The team in question is the Bengals, who are clinging to faint playoff hopes. And the proclamation was delivered this week by tackle Willie Anderson, who took a look around the locker room and concluded there is no way the Bengals should be 8-7 heading into the 1 p.m. game tomorrow against the Steelers in Paul Brown Stadium.

No way they should be on the verge of joining the Steelers as a non-playoff team in 2006, not after what happened last season.

"We have grossly underachieved," Anderson said. "The main thing is to go 9-7 and learn to grow. Whether it means new players, new whatever, we have to find some answers to some problems. The first thing we have to do is beat Pittsburgh. Then we'll feel better about ourselves. If we don't do that, we have an even bigger problem."

Of course, if Anderson considers the Bengals a bunch of underachievers, what must he think of the Steelers?

Like the Bengals, they were 11-5 last season, too. But they went on to win the Super Bowl and had 19 of their 22 starters returning, as well as the entire coaching staff.

Heading to the scene of where they ended the Bengals' 2005 season, the Steelers are 7-8 and trying to conjure enough incentive to finish the season at .500. They have been reduced to looking back and playing Bill Cowher's dreaded "what-if" game, haunted by turnovers that cost them victories against the Bengals, Atlanta and Oakland yet tortured by two lopsided defeats to the Baltimore Ravens.

Did they underachieve?

"I'm not going to say we didn't underachieve, but we had to overcome so much," receiver Hines Ward said.

"Of course, we're unhappy with the way things unfolded or have gone with the players we have in here," defensive end Brett Keisel said. "You don't want to be where you're at."

"I think our expectations were high, and we didn't achieve them," Pro Bowl guard Alan Faneca said. "Our expectations were high from last year.
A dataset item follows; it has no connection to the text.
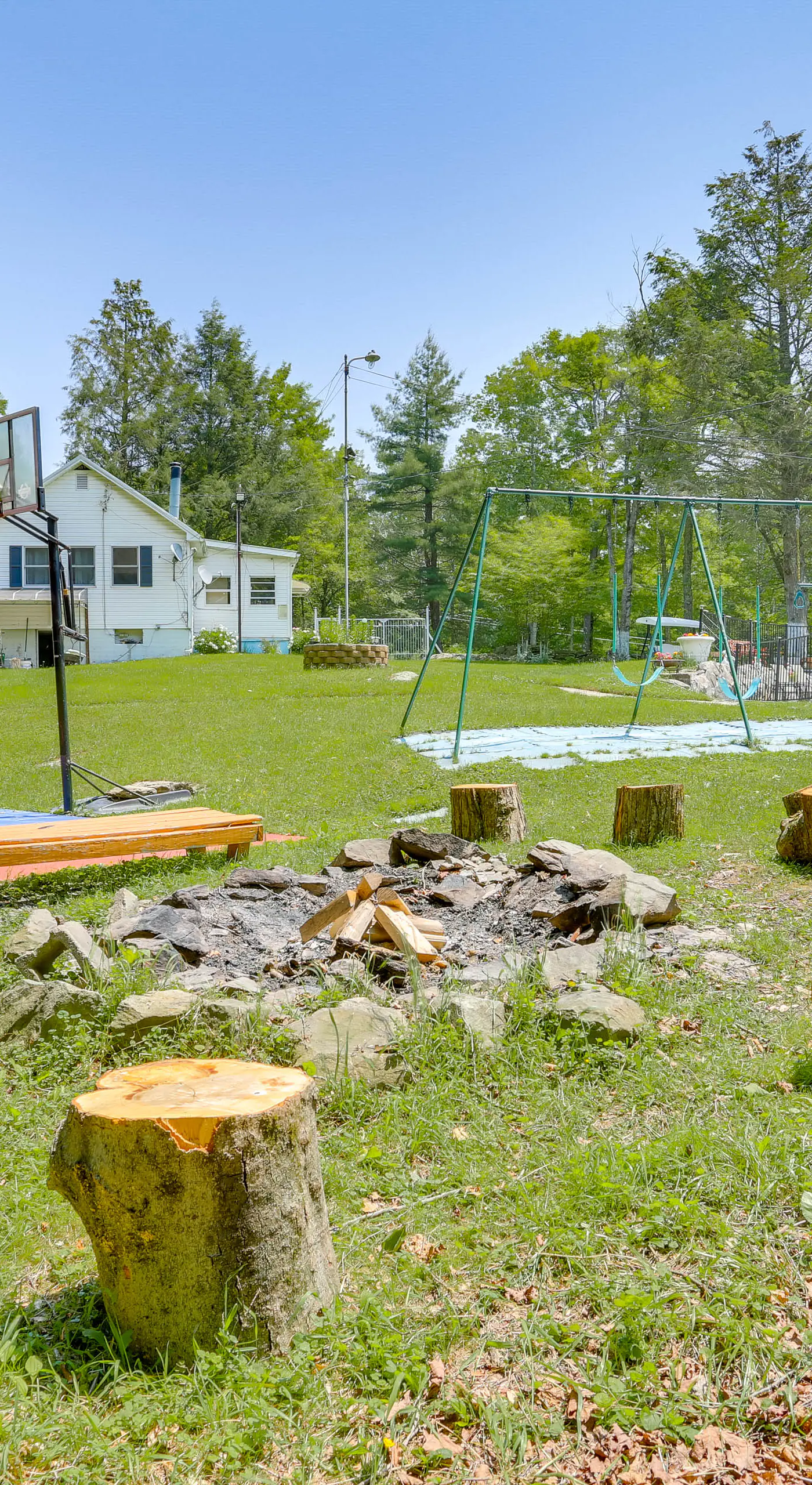 6 Mi to Bethel Woods: Cabin w/ Pool Access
We overachieved last year. We overcame what we didn't overcome this year and played as a team. If you want to say anything, we were overachievers last year."

OK, not exactly the same missile issued by Anderson. But, underscoring their sentiments are the facts:

Not many Steelers players performed to the level of last season, statistically or otherwise. That certainly was not the case with quarterback Ben Roethlisberger, who has ranked near the bottom of the league's passer ratings after hovering near the top in 2005. Interceptions (22) and sacks (45) have plagued him nearly as much as his physical setbacks, though it is difficult for anyone except Roethlisberger to quantify the impact his June 12 motorcycle accident had on his performance.

And it certainly was not the case with linebacker Joey Porter, who is not the dominant pass-rusher he was at the end of last season; or even Ike Taylor, who went from being the team's top cover cornerback in 2005 to a player who hasn't started the past five games because of poor play.

About the only player who raised his level from last season was running back Willie Parker, who has a career-high 1,360 yards rushing and 14 touchdowns and was named to the Pro Bowl.

"We just had so much stuff that happened," Ward said. "You take our quarterback, what he's been through the whole year, no quarterback has been through that. I know Carson [Palmer] had the knee injury, but almost losing your life, the appendectomy; Troy [Polamalu] missed a couple games, Casey [Hampton] missed one game, Joey missed two, I missed a couple. Those are all our key starters, and you have to deal with that.

"That's kind of hard. Your team is like going up and down, up and down, trying to handle a lot of adversity. What we did, the Super Bowl champ, to come back and not make playoffs at all, through all what we had to overcome, I don't know you can say we were underachievers."